═════ Records shown

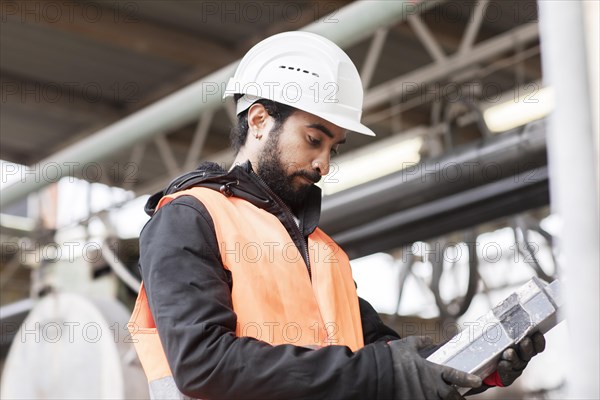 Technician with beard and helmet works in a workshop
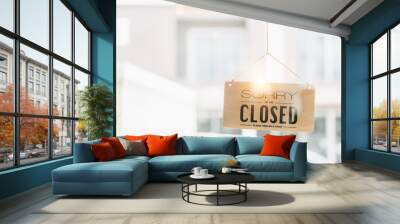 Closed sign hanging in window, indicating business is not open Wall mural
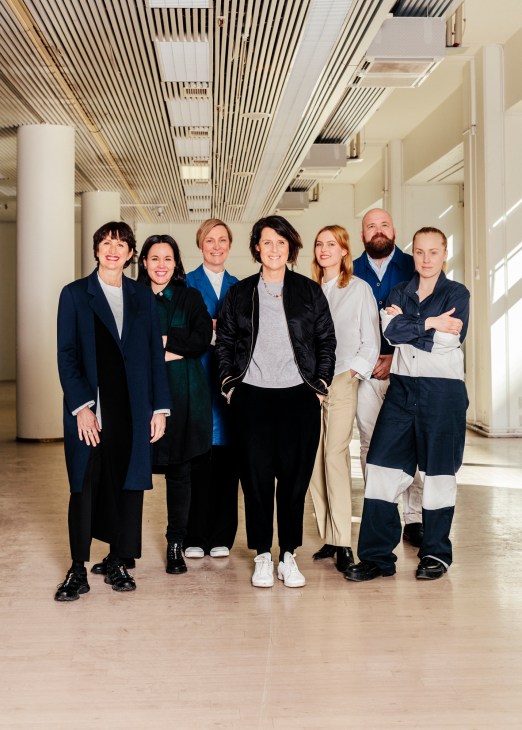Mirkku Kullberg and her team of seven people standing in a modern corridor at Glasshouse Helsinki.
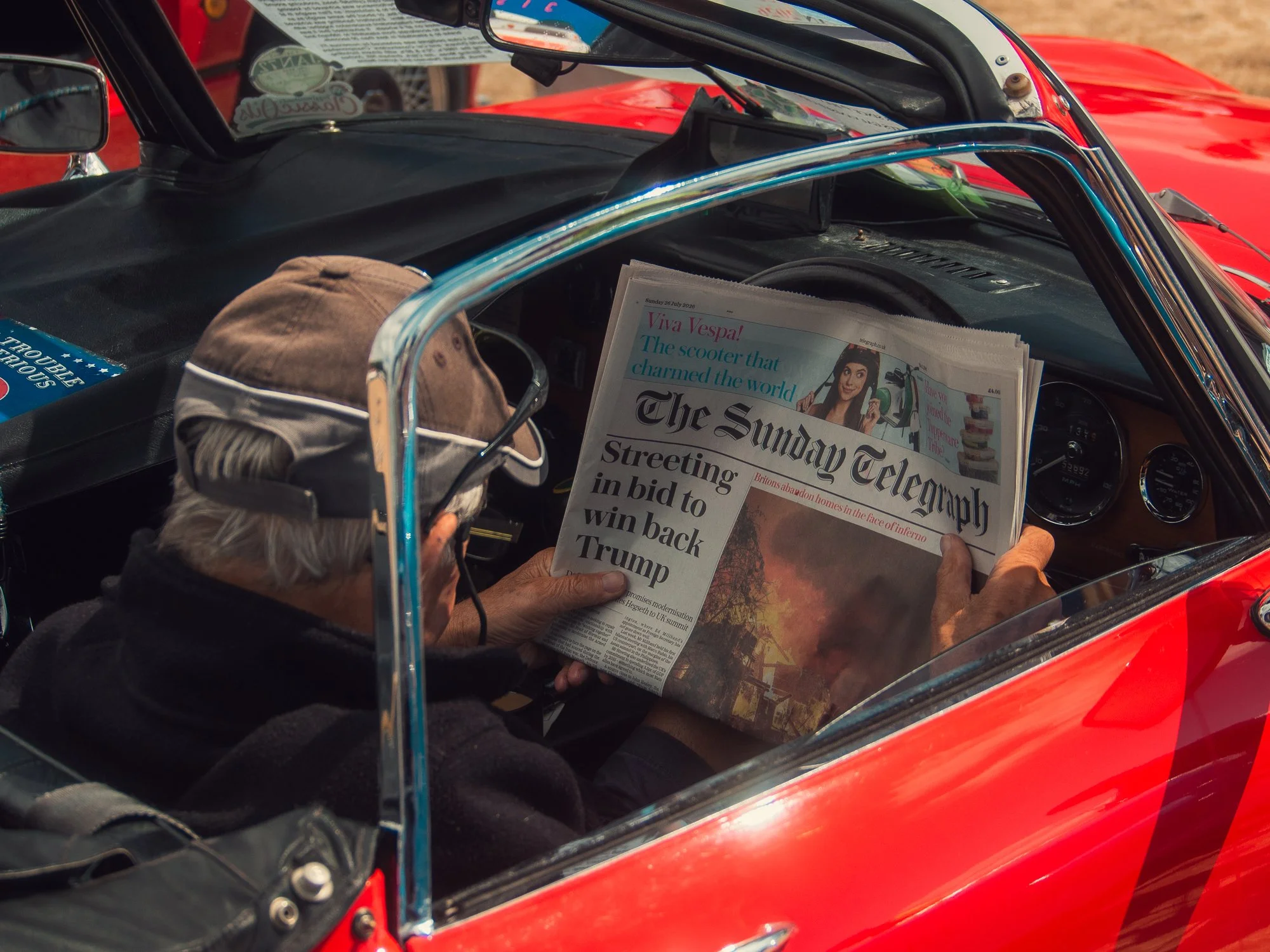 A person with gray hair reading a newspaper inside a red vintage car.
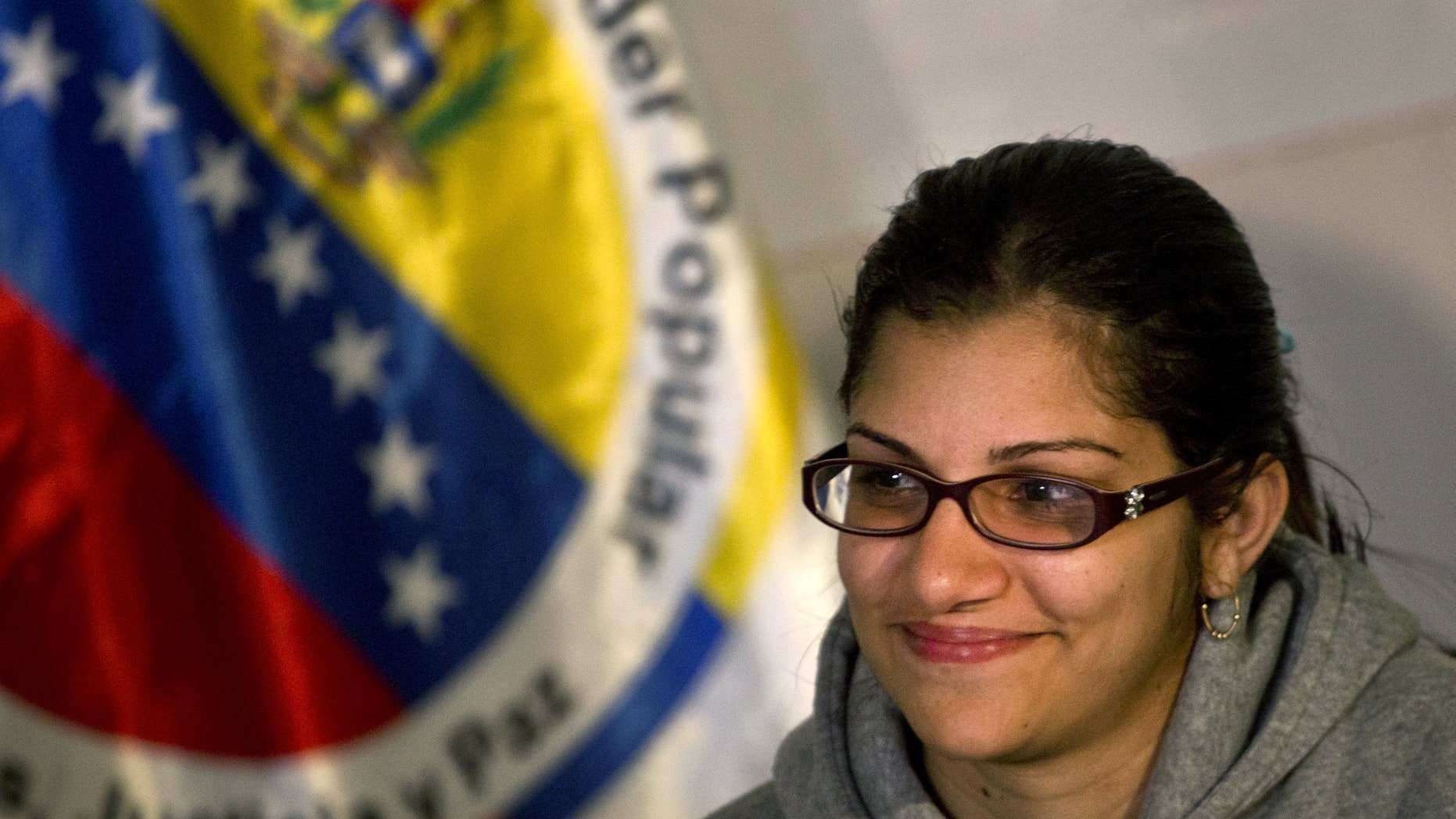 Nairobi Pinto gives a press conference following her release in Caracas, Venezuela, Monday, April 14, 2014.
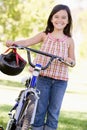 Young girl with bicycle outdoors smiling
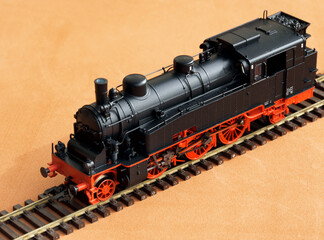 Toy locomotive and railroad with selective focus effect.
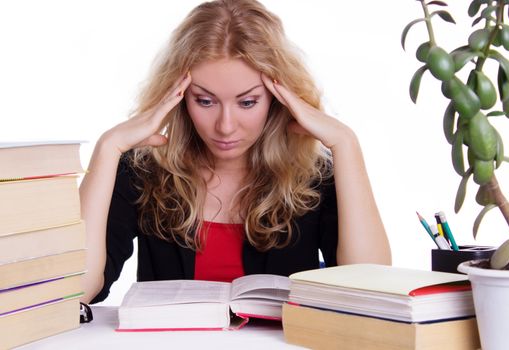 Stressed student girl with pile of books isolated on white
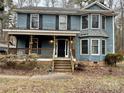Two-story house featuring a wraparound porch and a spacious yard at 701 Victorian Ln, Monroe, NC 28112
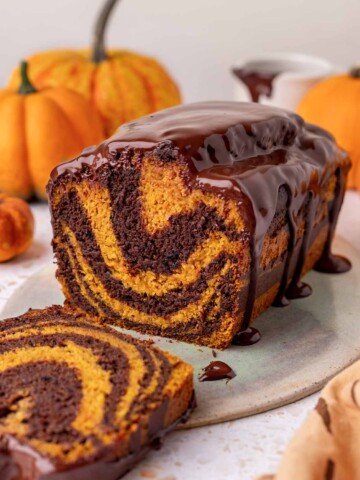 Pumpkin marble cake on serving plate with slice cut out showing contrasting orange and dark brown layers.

══════════

What is needed:
With every picture left out, print exactly the lines from the one containing "Closed sign hanging" through the final line of the material above.

The completed task:
 Closed sign hanging in window, indicating business is not open Wall mural
Mirkku Kullberg and her team of seven people standing in a modern corridor at Glasshouse Helsinki.
 A person with gray hair reading a newspaper inside a red vintage car.
 Nairobi Pinto gives a press conference following her release in Caracas, Venezuela, Monday, April 14, 2014.
 Young girl with bicycle outdoors smiling
 Toy locomotive and railroad with selective focus effect.
 Stressed student girl with pile of books isolated on white
Two-story house featuring a wraparound porch and a spacious yard at 701 Victorian Ln, Monroe, NC 28112
 Pumpkin marble cake on serving plate with slice cut out showing contrasting orange and dark brown layers.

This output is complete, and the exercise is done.